Remember that I'm not a MinGW-w64 developer. Don't put too much weight
on my opinions.

> > I have attached a draft patch (header bits are missing) and a demo
> > program. It has the above features so it's possible to think if the
> > extra code is worth it.  
> 
> I have already WIP something better, to handle all other parts, like
> not leaking wide global variables, properly initialize of narrow
> variables and fixing also direct usage of __getmainargs function by
> applications. All these parts are not handled in tour draft. I need
> more time to finish it and do more tests.

Great! :-)

> > With GB18030, U+FFFD consumes four bytes. So with that charset, the
> > maximum possible byte count is larger.  
> 
> It is possible to change local process ucrt encoding to GB18030?

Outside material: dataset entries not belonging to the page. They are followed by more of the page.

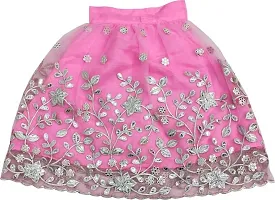 ClothesShop Girl's Net Full Stitched Readymade Lehenga Choli (5-6 Years, Baby Pink)-thumb2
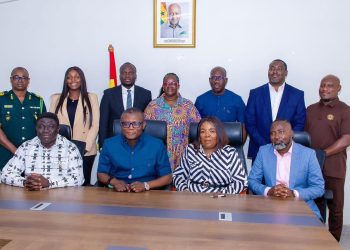 Group picture of Hon. Kofi Adams and members of the newly inaugurated LOC for Accra 2026 African Armwrestling Championships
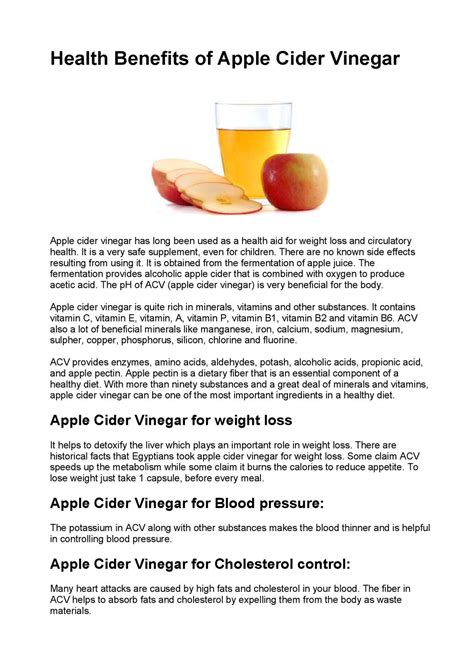 What Are The Benefits Of Apple Cider Vinegar Vitamins Health Benefits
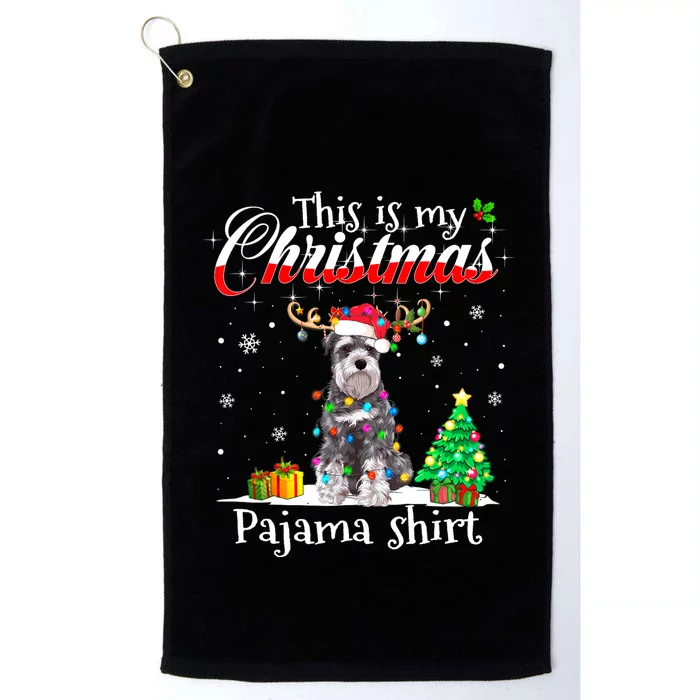 This Is My Christmas Pajama Schnauzer Lover Dog Platinum Collection Golf Towel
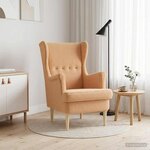 vidaXL Fauteuil Beige Bouclé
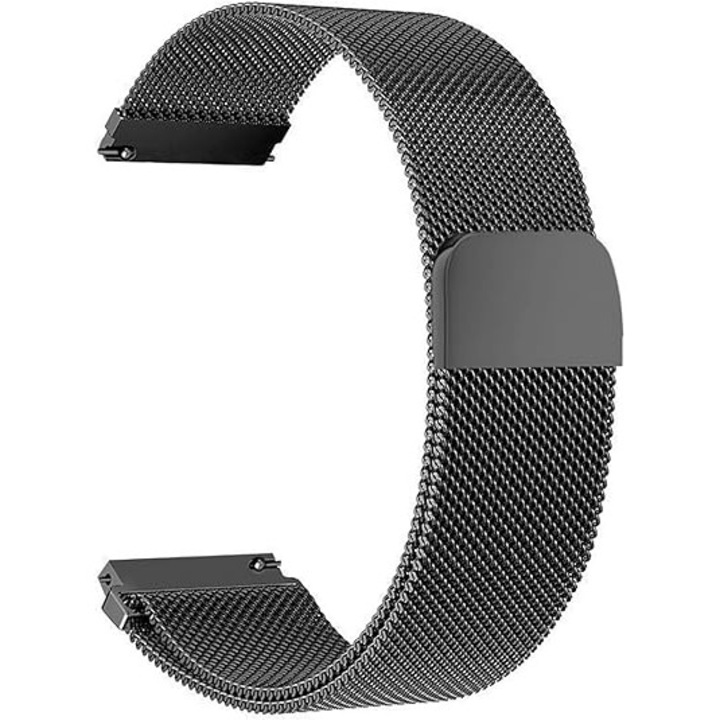 Curea ceas magnetica SA&SO General Store®, compatibila cu smartwatch Huawei Watch GT 2 / 3 PRO, Samsung Galaxy Watch 46 mm sau orice ceas cu latime curea 22 mm, Negru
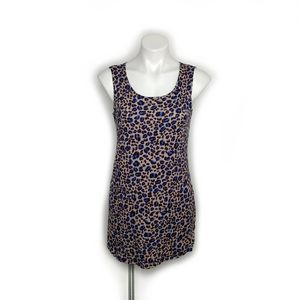 Logo by Lori Goldstein Blue and Tan Leopard Dress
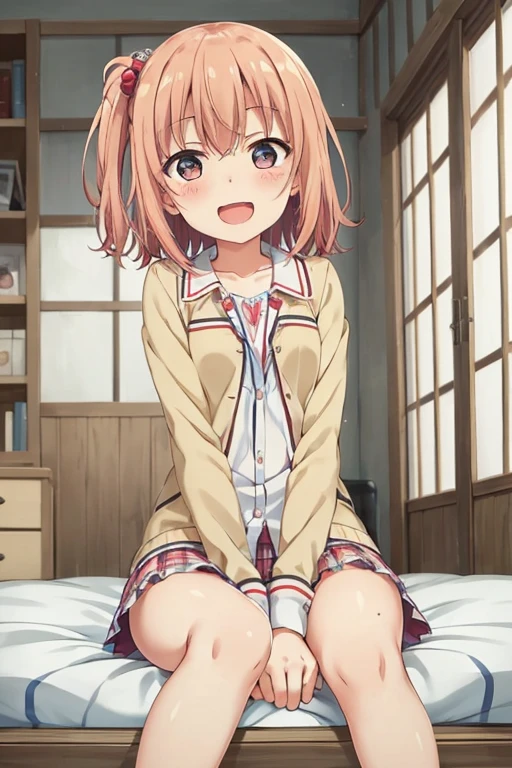 ((highest quality)), ((masterpiece)), (be familiar with), Perfect Face, indoor, Bedroom, Watching the audience,
One woman, Yuigahama Yui,
Open Mouth, Ecstatic expression, blush, smile,
Small breasts, Flat Chest, Young Girl, , , Girl,
Short Hair, Salmon-colored hair, Salmon-colored eyes, Side Pony,
Leg spread,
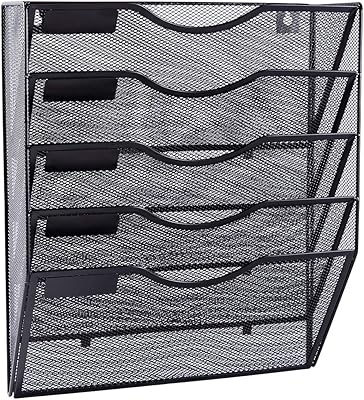 Porte-fichiers mural izpress à 5 poches en maille, organiseur de bureau, porte-revues suspendu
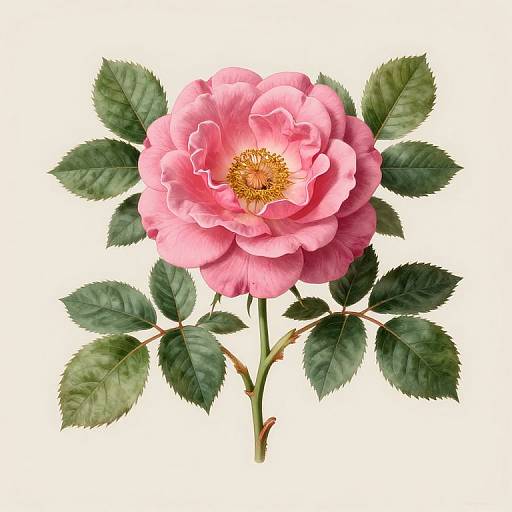 Pink Rosa Indica Vulgaris Botanical Illustration
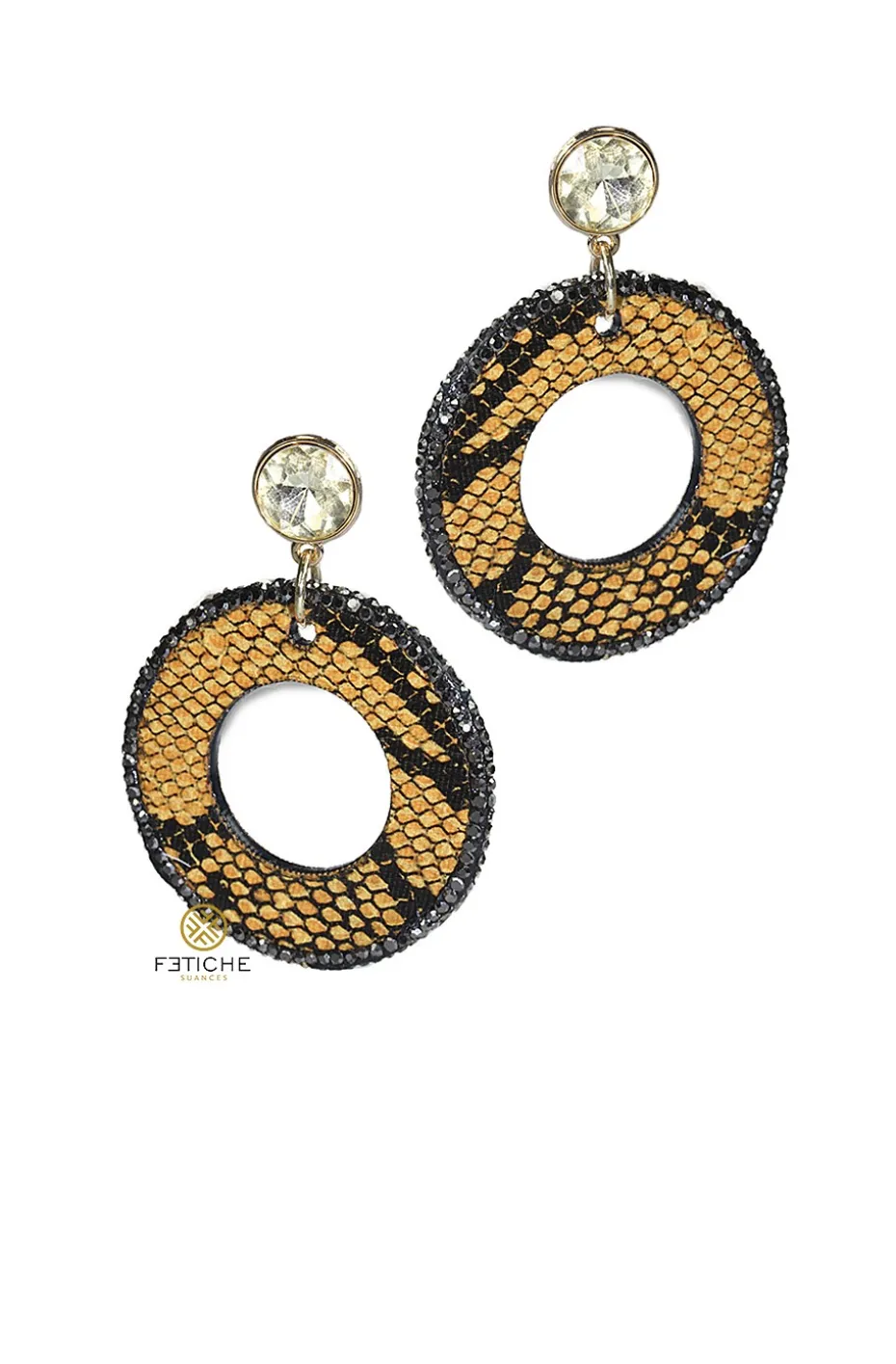 PENDIENTES CÍRCULO SNAKE NARANJA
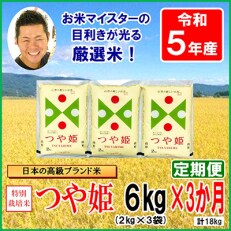 【発送月固定定期便】&lt;11月発送開始&gt;【令和5年産】特別栽培米つや姫6kg(2kg&times;3袋)全3回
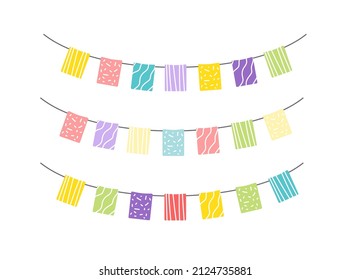 Garland of hanging flags. Set. Multicolored colorful checkboxes for children's party, Easter, birthday, greeting cards, decoration design. Clip art. Flat. Isolated vector stock illustration eps 10 on 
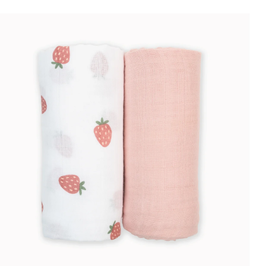 Lulujo Baby Cotton Muslin Swaddle Blankets, 2 Pack, Strawberries + Ballet Slipper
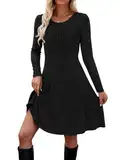 Zetieny Kleider für Damen Langarm Pulloverkleid Frauen Rundhalsausschnitt A-Linie Freizeitkleid Herbst und Winter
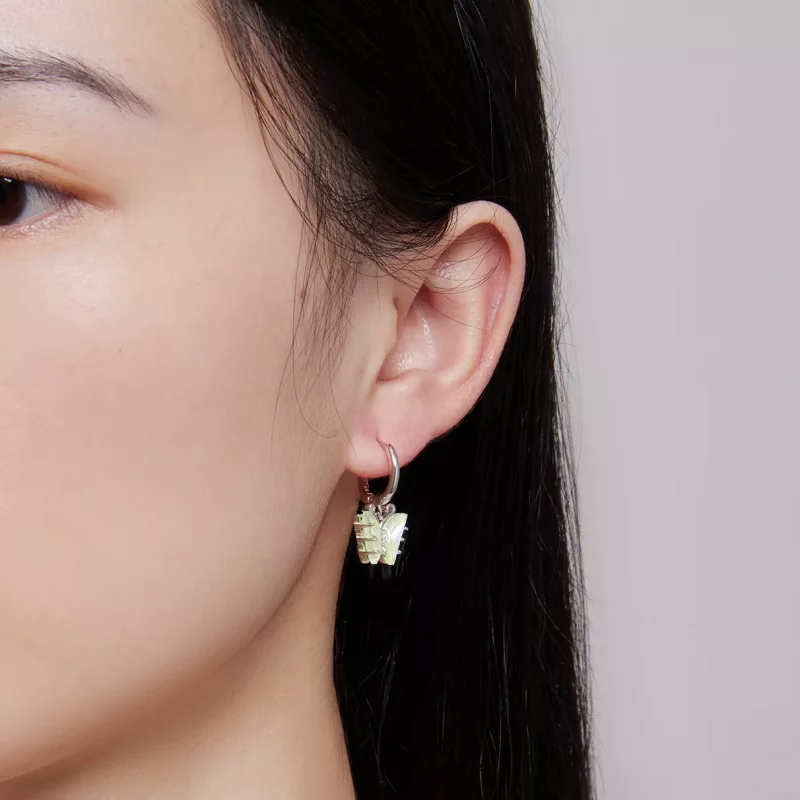 (imagen para) Pendientes de Aro Sinfonía Estilo Pandora con Mariposa - SCE1588-GN - Ver 6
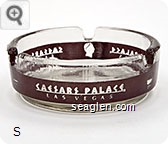 Caesars Palace, Las Vegas - Clear through red imprint Glass Ashtray
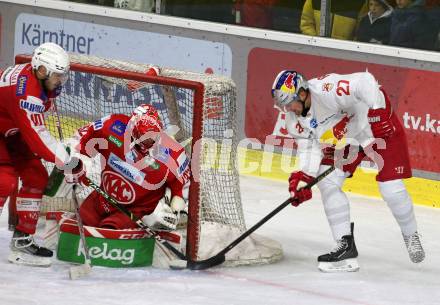 EBEL. Eishockey Bundesliga. KAC gegen  EC Red Bull Salzburg. Vallant Thomas, Dahm Sebastian (KAC),  Loney Ty (Salzburg). Klagenfurt, am 7.11.2021.
Foto: Kuess
www.qspictures.net

---
pressefotos, pressefotografie, kuess, qs, qspictures, sport, bild, bilder, bilddatenbank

I suspect that it's not. UTF-8 might be the only locale code page that
isn't single or double byte. So reserving space for UTF-8 should be
enough. Even if some locale code page supports longer encodings
someday, the name has to be very long to hit the limit and result in
ENAMETOOLONG.

With UTF-8, even the current 255 bytes should almost never be a
problem. Increasing NAME_MAX ensures that apps can list names in
an unusual case too (but they still cannot list unpaired surrogates). On
the other hand, the larger NAME_MAX may cause new problems if an app
assumes that a filename always fits in MAX_PATH (260) bytes. The dirent
API is from POSIX, so one would hope that apps ported from POSIX handle
it well. I don't know if that is too optimistic.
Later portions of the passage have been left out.